Bezüglich der beiden Letztgenannten wirken die Ergebnisse der Studie angesichts der Coronakrise freilich schon wieder antiquiert. Viele Einrichtungen der Clubkultur beispielsweise können die Veranstaltungen, für die sie berlinweit und darüber hinaus bekannt sind, derzeit aufgrund der Abstands- und Hygieneregeln überhaupt nicht durchführen. Szene-Giganten wie das »Berghain«, aber auch andere Clubs versuchen, sich mit Kunstausstellungen mehr schlecht als recht über Wasser zu halten. »Wir unterstützen Clubs in der Coronakrise, und haben dazu eine völlig neue Schiene der öffentlichen Finanzierung aufgelegt«, sagt der Kultursenator, der sich in den vergangenen Monaten immer wieder für die Förderung kultureller Einrichtungen in Berlin starkgemacht hat.

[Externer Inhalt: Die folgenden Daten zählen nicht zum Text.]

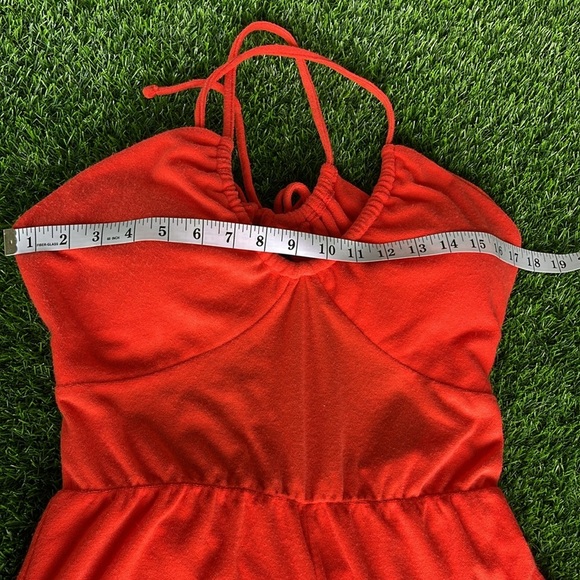 DEREK HEART Orange Terry Cloth Romper size large - Picture 3 of 6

So soll erreicht werden, dass nach der Krise nicht nur noch zwei Eventkonzerne übrig bleiben und alle anderen Kulturanbieter, die die kulturelle Vielfalt Berlins ausmachen, zugrunde gehen. Doch wie Berlins Kulturszene aus der Krise kommt, weiß niemand. Klar ist: Zuletzt hat sich die kulturelle Nutzung immer mehr ins Internet verlagert. Auch diese Entwicklungen will das neue Institut für kulturelle Teilhabe genauer untersuchen.
Wie der RBB am Montag berichtete, hat die Charité unterdessen eine spezielle Empfehlung zum Publikumsbetrieb bei Klassikkonzerten und Opernvorstellungen herausgegeben. Demnach spricht zumindest aus Sicht der Institute für Sozialmedizin und Epidemiologie sowie für Hygiene und Umweltmedizin nichts mehr gegen voll besetzte Säle - sofern alle Besucher zum Tragen eines Mund-Nase-Schutzes während der gesamten Veranstaltung verpflichtet werden. Hinzu kommen etliche weitere Vorbedingungen: von den üblichen Hygiene- und Belüftungsregeln bis zur kontaktlosen Ticketkontrolle und zum Verzicht aufs Catering.
»Das Publikum von Klassikveranstaltungen ist diszipliniert und hat ein aufgeklärtes Verständnis für gesundheitliche Zusammenhänge«, begründete Stefan Willich, Direktor des Instituts für Sozialmedizin und Epidemiologie, im RBB-Inforadio.